* [EXERCISE]
Output only the lines below from the one containing "Welcome to Best" to the one containing "There is a problem", exactly as written, both ends kept.

>>>

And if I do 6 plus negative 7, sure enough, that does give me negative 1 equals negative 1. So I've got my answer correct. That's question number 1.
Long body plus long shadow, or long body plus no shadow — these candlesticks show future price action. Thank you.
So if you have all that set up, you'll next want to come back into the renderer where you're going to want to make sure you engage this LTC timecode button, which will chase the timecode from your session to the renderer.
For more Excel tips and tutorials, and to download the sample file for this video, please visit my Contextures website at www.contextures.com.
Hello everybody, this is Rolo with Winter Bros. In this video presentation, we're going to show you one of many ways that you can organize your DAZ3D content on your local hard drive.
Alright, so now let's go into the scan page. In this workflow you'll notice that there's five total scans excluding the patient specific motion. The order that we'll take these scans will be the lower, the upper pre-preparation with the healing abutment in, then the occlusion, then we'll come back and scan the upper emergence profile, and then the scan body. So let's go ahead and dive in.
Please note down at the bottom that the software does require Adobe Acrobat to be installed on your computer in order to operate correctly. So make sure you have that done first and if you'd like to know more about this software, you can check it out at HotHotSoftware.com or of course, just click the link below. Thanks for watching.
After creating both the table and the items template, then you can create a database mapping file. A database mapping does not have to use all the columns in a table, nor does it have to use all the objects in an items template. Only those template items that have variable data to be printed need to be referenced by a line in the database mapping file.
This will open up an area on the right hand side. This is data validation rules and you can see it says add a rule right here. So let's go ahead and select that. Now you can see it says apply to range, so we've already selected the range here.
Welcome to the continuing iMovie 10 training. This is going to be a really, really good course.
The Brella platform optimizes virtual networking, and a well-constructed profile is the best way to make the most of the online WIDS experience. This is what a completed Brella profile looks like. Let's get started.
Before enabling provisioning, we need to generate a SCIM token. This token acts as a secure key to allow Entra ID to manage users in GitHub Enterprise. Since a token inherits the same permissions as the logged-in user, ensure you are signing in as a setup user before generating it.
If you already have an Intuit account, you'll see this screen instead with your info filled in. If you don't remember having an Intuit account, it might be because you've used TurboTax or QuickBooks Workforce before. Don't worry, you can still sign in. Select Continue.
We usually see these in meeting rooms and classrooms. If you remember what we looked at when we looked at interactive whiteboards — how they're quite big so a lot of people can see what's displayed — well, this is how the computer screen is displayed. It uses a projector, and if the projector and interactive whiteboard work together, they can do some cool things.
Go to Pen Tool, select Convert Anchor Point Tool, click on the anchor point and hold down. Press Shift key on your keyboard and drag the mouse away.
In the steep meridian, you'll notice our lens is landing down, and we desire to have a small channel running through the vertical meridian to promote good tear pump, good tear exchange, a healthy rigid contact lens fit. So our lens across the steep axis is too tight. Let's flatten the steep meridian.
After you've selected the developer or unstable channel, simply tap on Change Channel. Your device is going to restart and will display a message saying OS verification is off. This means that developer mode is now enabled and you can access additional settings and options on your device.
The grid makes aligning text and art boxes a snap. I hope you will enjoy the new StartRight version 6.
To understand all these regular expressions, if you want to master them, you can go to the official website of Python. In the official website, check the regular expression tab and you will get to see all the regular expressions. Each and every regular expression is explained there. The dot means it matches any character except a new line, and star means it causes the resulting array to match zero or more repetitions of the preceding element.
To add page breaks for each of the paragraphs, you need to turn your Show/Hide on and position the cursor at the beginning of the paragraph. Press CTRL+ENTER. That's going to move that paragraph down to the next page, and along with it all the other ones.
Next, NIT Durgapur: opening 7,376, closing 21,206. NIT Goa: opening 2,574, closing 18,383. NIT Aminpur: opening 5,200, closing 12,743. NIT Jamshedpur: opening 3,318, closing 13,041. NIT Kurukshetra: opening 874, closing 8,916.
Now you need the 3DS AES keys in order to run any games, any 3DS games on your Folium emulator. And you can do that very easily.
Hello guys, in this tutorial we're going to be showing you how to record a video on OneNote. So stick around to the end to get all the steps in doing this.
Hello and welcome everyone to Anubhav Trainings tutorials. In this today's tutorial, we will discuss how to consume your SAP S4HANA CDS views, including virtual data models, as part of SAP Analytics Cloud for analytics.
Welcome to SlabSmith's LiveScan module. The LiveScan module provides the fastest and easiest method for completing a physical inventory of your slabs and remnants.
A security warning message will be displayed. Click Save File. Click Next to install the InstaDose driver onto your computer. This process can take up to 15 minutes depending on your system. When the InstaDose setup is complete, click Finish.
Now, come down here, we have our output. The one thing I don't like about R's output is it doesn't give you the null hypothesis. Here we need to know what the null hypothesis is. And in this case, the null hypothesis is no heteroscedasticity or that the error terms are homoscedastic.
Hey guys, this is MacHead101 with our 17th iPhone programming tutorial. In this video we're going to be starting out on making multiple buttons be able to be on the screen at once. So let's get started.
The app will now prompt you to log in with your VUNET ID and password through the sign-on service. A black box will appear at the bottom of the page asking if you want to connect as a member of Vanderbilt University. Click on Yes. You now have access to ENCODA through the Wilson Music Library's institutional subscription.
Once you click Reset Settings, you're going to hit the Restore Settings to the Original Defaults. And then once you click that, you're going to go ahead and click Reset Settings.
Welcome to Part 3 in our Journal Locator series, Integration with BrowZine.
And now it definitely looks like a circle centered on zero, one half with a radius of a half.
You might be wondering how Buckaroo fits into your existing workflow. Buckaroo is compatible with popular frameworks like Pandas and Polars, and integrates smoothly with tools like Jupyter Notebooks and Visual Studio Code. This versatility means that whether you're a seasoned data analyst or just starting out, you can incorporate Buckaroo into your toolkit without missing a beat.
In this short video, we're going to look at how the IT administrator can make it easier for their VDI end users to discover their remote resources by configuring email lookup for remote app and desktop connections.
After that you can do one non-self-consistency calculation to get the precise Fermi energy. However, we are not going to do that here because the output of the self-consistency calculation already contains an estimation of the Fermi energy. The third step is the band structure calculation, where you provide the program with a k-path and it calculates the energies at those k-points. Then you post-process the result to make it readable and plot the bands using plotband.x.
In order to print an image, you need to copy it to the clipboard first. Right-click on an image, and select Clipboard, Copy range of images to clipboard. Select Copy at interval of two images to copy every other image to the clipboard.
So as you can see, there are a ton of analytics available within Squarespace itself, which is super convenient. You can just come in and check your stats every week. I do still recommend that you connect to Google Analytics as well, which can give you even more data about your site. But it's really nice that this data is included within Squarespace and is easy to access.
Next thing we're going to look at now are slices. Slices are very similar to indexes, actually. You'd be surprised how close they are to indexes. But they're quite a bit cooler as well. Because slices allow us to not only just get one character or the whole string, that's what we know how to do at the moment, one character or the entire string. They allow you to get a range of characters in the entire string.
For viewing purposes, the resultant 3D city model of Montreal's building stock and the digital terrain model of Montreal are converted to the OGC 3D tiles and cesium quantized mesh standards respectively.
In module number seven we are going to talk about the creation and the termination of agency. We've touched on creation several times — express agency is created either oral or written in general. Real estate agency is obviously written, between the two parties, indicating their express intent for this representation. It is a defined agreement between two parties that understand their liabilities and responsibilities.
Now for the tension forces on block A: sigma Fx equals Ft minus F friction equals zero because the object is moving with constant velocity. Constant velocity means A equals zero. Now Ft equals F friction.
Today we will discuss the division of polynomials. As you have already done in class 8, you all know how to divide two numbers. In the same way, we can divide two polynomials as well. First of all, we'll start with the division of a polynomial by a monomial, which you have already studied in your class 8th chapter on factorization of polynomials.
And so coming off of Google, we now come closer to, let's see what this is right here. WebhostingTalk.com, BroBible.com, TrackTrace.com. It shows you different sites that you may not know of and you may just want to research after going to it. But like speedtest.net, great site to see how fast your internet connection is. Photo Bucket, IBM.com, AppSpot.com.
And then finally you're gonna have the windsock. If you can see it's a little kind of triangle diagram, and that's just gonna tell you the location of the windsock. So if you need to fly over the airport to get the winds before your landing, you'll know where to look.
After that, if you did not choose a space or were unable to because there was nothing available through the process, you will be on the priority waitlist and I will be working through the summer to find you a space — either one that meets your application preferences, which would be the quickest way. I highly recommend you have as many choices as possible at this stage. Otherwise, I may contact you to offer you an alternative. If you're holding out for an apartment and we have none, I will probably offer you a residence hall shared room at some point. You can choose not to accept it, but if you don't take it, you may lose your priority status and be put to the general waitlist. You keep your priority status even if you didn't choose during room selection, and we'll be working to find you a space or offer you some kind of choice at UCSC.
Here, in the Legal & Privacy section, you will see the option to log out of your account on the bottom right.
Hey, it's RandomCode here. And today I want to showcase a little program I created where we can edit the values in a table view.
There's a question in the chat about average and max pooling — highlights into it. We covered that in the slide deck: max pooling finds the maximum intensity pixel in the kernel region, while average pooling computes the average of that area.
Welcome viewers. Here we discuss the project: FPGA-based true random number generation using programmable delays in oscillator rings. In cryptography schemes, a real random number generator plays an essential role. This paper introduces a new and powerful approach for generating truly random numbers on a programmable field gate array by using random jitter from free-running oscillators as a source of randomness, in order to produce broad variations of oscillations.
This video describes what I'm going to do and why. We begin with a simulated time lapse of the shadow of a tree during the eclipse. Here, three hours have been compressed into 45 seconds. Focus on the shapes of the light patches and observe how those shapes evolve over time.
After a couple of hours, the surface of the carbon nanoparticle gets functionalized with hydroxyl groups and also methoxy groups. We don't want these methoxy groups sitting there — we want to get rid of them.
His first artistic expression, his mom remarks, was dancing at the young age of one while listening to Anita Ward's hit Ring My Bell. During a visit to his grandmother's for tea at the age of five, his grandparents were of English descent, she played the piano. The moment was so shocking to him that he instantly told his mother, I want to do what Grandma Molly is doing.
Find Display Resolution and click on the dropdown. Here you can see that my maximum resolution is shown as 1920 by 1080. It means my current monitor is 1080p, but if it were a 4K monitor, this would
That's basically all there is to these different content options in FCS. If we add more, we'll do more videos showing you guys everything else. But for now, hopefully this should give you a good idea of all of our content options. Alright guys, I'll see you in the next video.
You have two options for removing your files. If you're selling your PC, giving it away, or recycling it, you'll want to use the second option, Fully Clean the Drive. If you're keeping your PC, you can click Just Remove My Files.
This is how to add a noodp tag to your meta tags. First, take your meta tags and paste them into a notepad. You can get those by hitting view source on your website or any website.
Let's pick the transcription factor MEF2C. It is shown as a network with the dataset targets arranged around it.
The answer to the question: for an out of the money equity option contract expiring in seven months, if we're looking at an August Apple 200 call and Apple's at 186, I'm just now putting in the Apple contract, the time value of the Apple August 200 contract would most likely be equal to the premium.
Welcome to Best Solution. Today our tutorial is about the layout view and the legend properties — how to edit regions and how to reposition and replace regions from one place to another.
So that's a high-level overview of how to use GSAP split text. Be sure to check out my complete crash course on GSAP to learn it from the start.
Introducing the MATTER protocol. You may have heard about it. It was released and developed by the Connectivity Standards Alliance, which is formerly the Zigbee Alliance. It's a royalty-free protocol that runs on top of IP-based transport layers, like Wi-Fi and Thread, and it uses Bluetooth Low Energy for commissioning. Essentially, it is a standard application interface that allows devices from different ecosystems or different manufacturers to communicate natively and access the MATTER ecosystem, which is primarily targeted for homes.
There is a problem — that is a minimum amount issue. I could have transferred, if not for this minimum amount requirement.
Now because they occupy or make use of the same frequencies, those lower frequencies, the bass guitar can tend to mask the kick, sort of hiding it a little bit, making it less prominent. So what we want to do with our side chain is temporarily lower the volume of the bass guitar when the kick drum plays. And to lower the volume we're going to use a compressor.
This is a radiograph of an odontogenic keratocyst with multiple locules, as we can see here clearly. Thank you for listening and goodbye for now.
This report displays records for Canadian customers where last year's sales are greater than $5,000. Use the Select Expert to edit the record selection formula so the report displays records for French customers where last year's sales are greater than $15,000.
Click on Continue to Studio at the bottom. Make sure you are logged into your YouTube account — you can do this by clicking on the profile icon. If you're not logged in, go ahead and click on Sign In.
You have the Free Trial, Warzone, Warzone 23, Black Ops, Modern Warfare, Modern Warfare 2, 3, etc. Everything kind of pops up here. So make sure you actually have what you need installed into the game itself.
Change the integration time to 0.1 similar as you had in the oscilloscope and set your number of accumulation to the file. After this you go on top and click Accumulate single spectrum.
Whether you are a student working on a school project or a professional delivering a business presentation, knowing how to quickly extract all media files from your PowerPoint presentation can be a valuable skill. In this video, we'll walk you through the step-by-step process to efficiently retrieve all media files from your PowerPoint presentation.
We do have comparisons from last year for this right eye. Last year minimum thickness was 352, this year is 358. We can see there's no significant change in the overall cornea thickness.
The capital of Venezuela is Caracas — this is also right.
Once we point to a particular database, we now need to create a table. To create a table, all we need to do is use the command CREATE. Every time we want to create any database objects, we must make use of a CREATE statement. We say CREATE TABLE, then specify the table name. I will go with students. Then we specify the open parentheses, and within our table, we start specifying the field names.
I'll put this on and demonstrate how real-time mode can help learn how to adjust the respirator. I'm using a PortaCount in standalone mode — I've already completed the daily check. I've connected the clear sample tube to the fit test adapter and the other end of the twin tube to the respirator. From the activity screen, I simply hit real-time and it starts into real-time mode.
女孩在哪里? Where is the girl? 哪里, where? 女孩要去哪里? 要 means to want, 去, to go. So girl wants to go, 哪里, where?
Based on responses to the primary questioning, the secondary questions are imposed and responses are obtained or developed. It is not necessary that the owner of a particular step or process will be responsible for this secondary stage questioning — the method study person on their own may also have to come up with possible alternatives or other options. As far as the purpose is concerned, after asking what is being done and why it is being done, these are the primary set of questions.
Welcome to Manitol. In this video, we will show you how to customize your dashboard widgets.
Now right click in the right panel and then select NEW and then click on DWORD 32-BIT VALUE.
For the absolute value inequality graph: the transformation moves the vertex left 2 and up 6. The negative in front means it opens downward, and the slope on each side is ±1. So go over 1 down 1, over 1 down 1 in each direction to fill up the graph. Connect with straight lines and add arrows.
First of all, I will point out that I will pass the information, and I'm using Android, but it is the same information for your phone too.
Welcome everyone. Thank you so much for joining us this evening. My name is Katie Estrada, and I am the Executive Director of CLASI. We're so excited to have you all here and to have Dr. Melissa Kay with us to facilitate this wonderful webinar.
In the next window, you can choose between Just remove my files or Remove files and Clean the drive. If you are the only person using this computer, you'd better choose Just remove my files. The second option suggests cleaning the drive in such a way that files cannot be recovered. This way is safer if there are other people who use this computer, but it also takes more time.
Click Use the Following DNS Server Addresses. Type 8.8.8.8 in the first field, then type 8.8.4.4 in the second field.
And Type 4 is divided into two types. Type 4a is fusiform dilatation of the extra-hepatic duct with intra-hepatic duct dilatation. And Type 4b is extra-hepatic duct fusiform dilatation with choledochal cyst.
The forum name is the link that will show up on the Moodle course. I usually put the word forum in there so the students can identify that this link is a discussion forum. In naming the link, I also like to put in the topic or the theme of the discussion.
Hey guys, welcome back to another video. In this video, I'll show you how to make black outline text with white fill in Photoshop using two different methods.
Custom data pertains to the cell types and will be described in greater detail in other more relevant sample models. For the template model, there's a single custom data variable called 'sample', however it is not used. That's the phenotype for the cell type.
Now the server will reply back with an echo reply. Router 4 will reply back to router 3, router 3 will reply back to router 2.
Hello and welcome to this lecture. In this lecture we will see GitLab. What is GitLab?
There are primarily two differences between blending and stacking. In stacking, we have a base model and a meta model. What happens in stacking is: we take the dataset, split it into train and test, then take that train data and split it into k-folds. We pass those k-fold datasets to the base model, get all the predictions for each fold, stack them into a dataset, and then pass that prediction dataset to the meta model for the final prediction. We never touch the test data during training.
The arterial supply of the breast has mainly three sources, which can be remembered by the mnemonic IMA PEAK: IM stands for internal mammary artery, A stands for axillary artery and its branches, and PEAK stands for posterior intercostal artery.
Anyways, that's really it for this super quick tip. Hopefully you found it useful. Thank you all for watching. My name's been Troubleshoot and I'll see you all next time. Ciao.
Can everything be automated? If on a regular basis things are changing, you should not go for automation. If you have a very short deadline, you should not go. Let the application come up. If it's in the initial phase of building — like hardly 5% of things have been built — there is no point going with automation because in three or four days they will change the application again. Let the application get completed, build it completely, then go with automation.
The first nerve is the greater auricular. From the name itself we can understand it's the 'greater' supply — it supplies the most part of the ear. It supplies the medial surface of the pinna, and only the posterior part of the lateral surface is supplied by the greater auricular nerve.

<<<

* [EXERCISE RESULT]
Welcome to Best Solution. Today our tutorial is about the layout view and the legend properties — how to edit regions and how to reposition and replace regions from one place to another.
So that's a high-level overview of how to use GSAP split text. Be sure to check out my complete crash course on GSAP to learn it from the start.
Introducing the MATTER protocol. You may have heard about it. It was released and developed by the Connectivity Standards Alliance, which is formerly the Zigbee Alliance. It's a royalty-free protocol that runs on top of IP-based transport layers, like Wi-Fi and Thread, and it uses Bluetooth Low Energy for commissioning. Essentially, it is a standard application interface that allows devices from different ecosystems or different manufacturers to communicate natively and access the MATTER ecosystem, which is primarily targeted for homes.
There is a problem — that is a minimum amount issue. I could have transferred, if not for this minimum amount requirement.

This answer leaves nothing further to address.